Photographer James Martin on Photographing Iceland
James Martin (www.jamesbmartin.com) has worked as a professional photographer, writer, and guide for more than two decades. In that time he’s produced twenty books, including Planet Ice, Digital Photography Outdoors, Masters of Disguise: A Natural History of Chameleons (with Art Wolfe), North Cascades Crest, and Extreme Alpinism (with Mark Twight). He leads phototours around the world with Joseph Van Os Photo Safaris, the Phase One Digital Artists Series, PhotoQuest Adventures, and with Canon Explorer of Light Jennifer Wu, including their photo tours of Iceland in August of 2012 and 2013. (http://www.jenniferwu.com/workshops)
James Martin: “Seafloor spreading pulls tectonic plates apart along the mid-Atlantic Ridge like a giant prying open elevator doors. Iceland is the one place in the world where an oceanic ridge reaches the surface.
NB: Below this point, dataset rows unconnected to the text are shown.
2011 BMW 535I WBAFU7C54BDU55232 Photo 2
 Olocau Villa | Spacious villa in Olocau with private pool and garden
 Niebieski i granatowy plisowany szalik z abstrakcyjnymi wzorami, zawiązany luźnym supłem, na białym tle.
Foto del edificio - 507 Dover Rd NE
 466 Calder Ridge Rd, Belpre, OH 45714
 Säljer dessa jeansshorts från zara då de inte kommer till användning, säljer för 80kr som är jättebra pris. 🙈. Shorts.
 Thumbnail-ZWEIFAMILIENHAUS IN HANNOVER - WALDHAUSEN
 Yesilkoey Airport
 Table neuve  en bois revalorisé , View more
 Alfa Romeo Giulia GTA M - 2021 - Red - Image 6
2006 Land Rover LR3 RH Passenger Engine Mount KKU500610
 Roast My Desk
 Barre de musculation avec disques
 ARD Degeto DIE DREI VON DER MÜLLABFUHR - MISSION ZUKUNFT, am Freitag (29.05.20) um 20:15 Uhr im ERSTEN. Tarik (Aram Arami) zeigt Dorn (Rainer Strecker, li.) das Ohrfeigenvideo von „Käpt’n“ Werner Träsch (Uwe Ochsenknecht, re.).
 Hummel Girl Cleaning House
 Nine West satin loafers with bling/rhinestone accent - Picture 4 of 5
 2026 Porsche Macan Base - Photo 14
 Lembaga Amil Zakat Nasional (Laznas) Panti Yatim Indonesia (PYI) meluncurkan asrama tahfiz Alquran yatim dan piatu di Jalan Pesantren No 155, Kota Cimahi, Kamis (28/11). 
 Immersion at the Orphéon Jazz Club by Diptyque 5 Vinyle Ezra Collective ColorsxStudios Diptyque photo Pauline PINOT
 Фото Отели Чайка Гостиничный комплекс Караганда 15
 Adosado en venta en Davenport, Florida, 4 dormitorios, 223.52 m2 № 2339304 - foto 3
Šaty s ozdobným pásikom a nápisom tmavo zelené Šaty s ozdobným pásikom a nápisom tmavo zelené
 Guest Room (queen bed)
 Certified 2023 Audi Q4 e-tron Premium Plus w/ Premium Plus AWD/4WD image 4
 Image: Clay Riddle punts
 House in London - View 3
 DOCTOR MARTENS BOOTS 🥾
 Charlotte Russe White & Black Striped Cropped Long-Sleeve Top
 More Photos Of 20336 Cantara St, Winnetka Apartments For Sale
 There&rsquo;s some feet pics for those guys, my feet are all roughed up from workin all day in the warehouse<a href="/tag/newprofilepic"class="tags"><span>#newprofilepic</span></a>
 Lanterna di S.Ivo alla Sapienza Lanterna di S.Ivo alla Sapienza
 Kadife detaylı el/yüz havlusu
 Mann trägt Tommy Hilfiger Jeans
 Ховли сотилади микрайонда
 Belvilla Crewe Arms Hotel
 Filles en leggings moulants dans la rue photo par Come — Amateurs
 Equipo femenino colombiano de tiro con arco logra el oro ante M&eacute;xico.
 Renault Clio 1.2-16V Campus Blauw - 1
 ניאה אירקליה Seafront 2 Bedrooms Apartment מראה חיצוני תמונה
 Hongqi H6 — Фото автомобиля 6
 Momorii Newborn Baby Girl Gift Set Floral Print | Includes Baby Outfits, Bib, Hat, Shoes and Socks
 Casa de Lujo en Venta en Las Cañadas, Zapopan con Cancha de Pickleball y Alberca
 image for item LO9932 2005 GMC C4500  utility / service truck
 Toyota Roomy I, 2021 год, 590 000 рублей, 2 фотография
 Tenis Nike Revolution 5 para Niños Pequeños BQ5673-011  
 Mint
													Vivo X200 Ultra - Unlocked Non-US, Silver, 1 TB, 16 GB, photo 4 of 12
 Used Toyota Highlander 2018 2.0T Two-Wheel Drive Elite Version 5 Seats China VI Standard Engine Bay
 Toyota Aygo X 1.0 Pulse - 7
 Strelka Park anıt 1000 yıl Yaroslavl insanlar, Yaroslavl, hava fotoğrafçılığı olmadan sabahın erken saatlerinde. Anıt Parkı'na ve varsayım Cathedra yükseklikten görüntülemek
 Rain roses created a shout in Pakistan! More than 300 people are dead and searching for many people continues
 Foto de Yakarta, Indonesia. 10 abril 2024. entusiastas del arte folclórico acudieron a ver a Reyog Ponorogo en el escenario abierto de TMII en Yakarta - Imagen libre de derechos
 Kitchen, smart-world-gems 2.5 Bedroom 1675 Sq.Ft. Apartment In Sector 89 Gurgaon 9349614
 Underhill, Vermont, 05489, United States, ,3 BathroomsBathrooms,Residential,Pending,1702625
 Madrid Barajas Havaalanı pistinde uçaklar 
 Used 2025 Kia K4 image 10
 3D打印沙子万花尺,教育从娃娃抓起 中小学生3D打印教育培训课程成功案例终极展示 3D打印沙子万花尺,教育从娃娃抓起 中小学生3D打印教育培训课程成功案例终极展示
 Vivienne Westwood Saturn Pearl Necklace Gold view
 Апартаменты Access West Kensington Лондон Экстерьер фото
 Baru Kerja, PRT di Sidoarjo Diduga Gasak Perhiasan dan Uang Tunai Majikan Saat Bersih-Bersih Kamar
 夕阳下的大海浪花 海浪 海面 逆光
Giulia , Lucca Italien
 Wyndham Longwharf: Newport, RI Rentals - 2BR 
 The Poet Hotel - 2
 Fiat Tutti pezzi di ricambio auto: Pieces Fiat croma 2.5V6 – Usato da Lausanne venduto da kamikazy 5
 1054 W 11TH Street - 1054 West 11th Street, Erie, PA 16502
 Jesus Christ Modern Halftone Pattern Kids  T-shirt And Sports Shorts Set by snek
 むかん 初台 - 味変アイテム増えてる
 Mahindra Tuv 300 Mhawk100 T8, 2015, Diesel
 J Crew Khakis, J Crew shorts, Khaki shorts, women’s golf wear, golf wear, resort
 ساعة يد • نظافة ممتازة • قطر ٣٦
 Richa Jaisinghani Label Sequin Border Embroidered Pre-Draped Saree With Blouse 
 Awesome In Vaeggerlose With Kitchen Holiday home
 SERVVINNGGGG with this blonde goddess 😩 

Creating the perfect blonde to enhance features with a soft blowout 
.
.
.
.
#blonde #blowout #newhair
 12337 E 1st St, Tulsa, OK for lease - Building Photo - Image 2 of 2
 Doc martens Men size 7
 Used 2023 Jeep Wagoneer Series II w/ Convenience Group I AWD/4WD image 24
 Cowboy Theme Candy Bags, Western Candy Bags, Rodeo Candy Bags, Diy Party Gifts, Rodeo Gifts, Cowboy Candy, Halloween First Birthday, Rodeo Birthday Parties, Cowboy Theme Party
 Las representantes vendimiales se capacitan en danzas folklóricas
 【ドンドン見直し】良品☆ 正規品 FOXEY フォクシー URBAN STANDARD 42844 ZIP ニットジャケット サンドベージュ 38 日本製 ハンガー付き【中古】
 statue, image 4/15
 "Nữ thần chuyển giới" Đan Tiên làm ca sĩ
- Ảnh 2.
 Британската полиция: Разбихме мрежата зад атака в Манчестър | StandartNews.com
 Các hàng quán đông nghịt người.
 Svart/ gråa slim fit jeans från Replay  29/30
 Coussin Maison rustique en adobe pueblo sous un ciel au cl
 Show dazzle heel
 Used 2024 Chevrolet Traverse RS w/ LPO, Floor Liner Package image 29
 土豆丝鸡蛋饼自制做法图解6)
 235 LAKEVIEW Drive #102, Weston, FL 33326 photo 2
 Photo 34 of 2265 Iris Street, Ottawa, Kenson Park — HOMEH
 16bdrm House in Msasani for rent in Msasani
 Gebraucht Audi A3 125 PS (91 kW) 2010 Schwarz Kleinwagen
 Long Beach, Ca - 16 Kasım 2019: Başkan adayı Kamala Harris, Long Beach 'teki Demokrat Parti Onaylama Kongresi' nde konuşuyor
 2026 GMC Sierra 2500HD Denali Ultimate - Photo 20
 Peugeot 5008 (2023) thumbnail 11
The island is in the process of creation as seen in the volcanoes and steam fissures, vast fields of lava and cliffs of columnar basalt, and the detritus of catastrophic lahars, floods of mud and boulders that race down the slopes.
“In the midst of this austere scene, dozens of waterfalls leap off the plateaus, ice fields blanket the highlands, their glaciers calving icebergs into lakes and lagoons. Impossibly vivid green grasses, fields of blue lupine, and polychrome pastel hills daub color against the black lava and an arctic blue sky. Iceland is a landscape photographer’s paradise. While you could spend a week or ten days driving the Ring Road that encircles the island, you can sample the best of Iceland in a day’s drive along the southern coast from the capitol city of Reykjavik to Jokulsarlon, but given the variety of landscapes, that would be folly. The south deserves a week in itself. Here are the highlights, including a side trip to the interior.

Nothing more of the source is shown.